Die langen Titel kommen anscheinend langsam in Mode, böse Zungen behaupten, dass man mit ihnen auch schon den gesamten Inhalt des Animes kennt. Nein, ganz so schlimm ist OniAi dann doch nicht. Ich finde ihn zumindest besser als Kono Naka ni Hitori, Imouto ga Iru! Trotzdem handelt es sich nur um eine durchwachsene Harem-Serie. Mal abgesehen vom generischen Ablauf, den man bei Harem eigentlich nicht kritisieren kann, weil er so obligatorisch ist wie die Action in einem Action-Anime, konzentriert sich die Geschichte wie gesagt zu sehr auf den Humor. Der ist in der ersten Episode sogar noch ganz lustig, aber leider nervt die bescheuerte Schwester spätestens ab der zweiten nur noch. OniAi zeigt gut, warum die Adaptionen von Visual Novels bei diesem Genre oft besser funktionieren als die Adaptionen von Light Novels. Die einen haben eine abgeschlossene Handlung und die anderen sind Endlosserien, die sich ewig lang hinziehen. Wahrscheinlich hätte der Anime noch zwei Staffeln gebraucht, bis es dann endlich mal richtig losgegangen wäre.

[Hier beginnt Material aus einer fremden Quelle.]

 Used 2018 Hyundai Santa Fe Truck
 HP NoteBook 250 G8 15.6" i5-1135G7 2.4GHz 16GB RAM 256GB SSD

Einige der Charaktere fand ich ja schon ganz nett, sonst hätte ich den Anime gar nicht zu Ende geschaut, aber gerade das "Hauptpaar" ist wieder überhaupt nicht zu gebrauchen. Akitos gelassene Reaktionen sind im ersten Moment noch lustig, bis man dann bemerkt, dass er vollkommen asexuell ist. Seine Schwester Akiko ist wiederum zu übertrieben durchgeknallt. Dass so was auch besser geht zeigt Ana und Ginbei (die trotz der weißen Haare zum Archetyp "Kindheitsfreundin" gehört) ist auch ok. Die Rothaarige nervt dafür wieder total, aber immerhin sind nicht alle Figuren schlecht, das reicht mir bei diesem Genre schon.